At today’s session horns were added to “Magical Mystery Tour.” There was no written score, and the musicians spent some time twiddling their thumbs while Paul and George Martin tried to figure out what they were supposed to play. Eventually, trumpeter Elgar Howarth grew tired of waiting and wrote a score himself. Howarth did not receive a writing credit and thus lost out on a vast sum of money, but seems to have had a pretty good career nonetheless. Now 81, according to the All-Music Guide he “is one of the most conspicuous figures in modern English musical life, managing to maintain a multifaceted career as a conductor, composer, arranger, and instrumentalist.”

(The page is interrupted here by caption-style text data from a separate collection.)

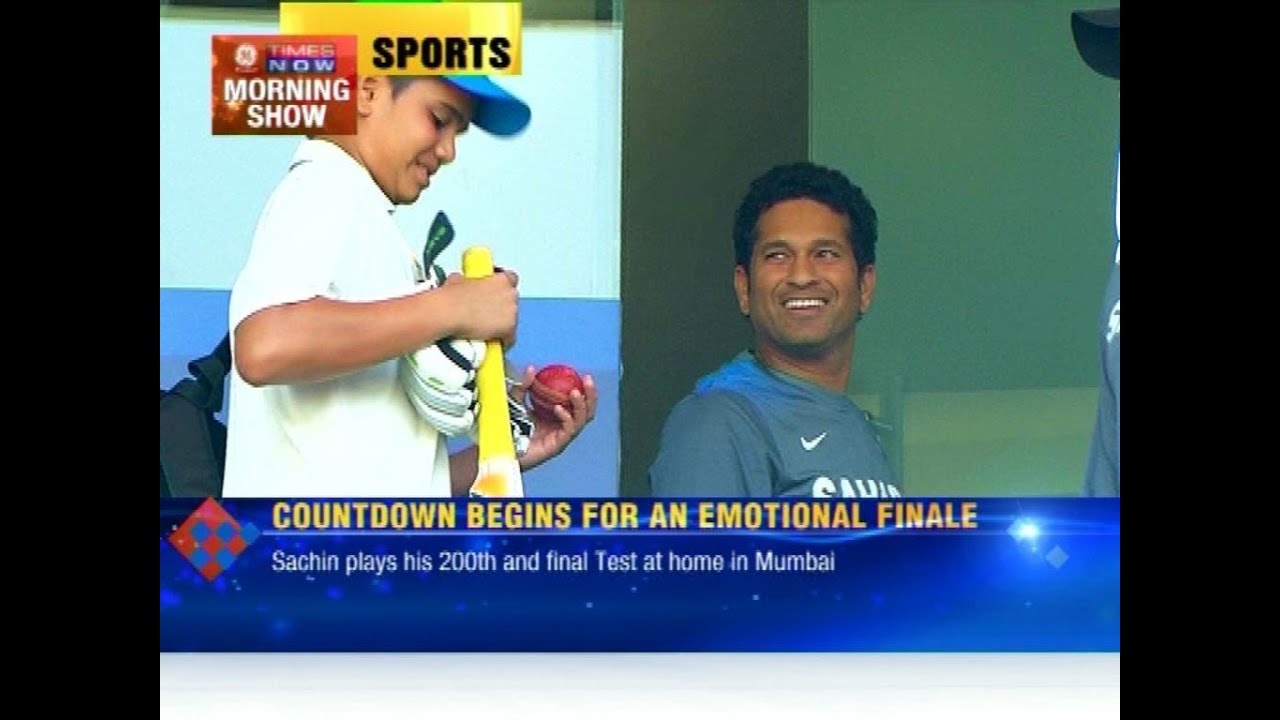 Wankhede gears up for Sachin Tendulkar's farewell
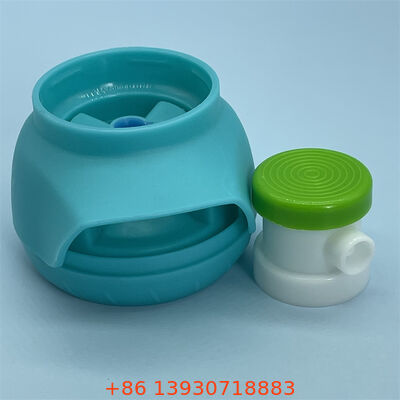 Langlebiges Aerosolventil mit präzisen Sprühkontrollen, undichtem Design und ergonomischem Aktor für Sprühkanister für Schuhe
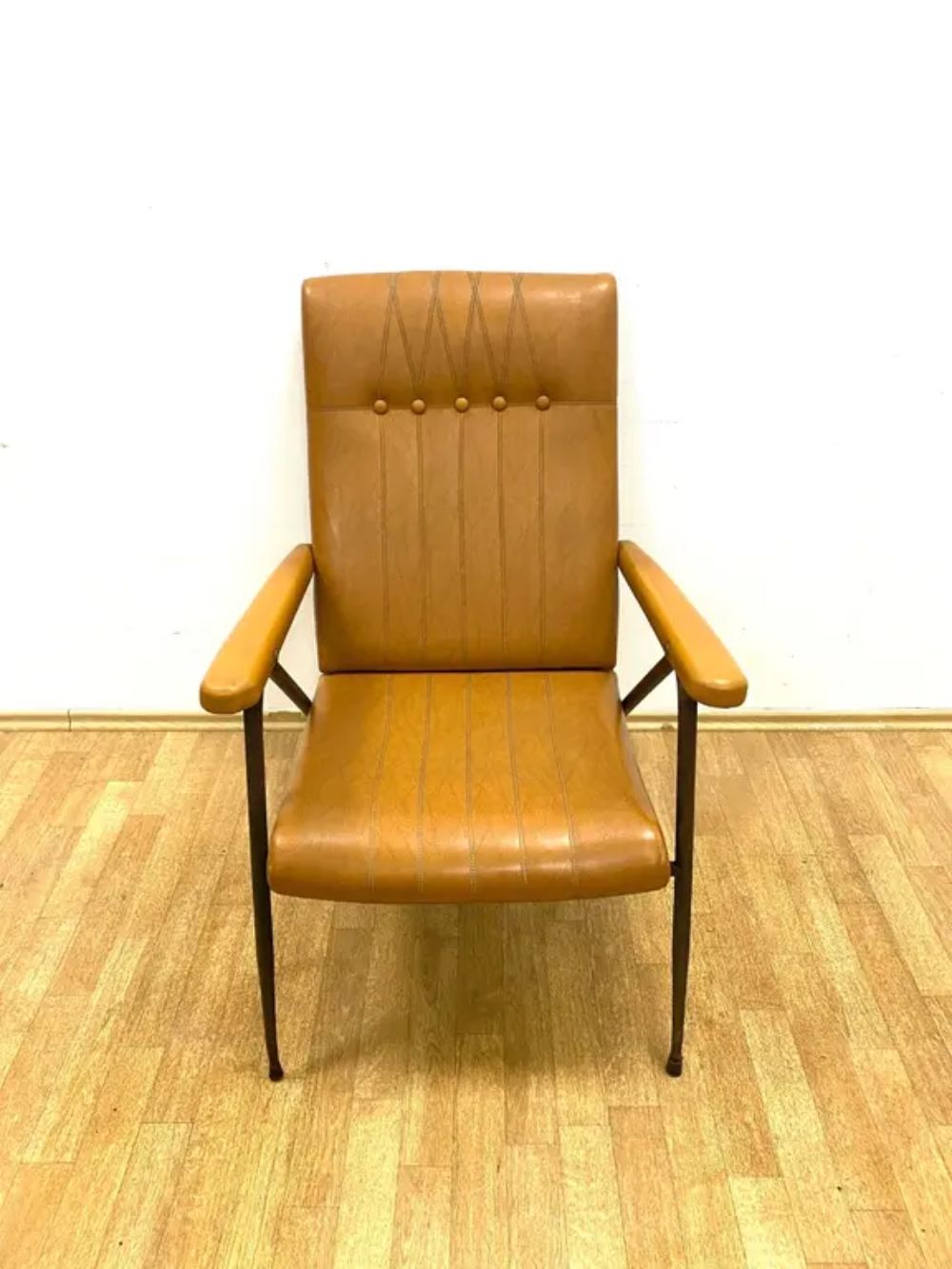 Retro Verstelbare Fauteuil, Jaren 1960, Italië photo Meubels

In addition to the brass, some glockenspiel was added, making this by my count the third Beatles song to feature glockenspiel (after “Being for the Benefit of Mr. Kite!” and “Only a Northern Song”). It’s a fun word to say, or to write: glockenspiel. But what does it mean?
Webster’s defines glockenspiel as “a percussion instrument consisting of a series of graduated metal bars tuned to the chromatic scale and played with two hammers” and notes its derivation from the German glocke and spiel. The meaning of “glocke” — bell — is pretty straightforward, but “spiel” can mean play, set, or game. Then there’s the way we use the word in English today — to talk fast or at length — which I believe comes from the yiddish “shpil.” So in a sense a glockenspiel could be a “talking bell,” though I don’t think it’s often thought of that way.
And this spiraling tangent is now officially out of control — that’s when happens when it’s a slow news day in Pepperland. Let’s call it a day early and go to the beach.
I had a glockenspiel once but it is just an outpatient procedure to have it removed.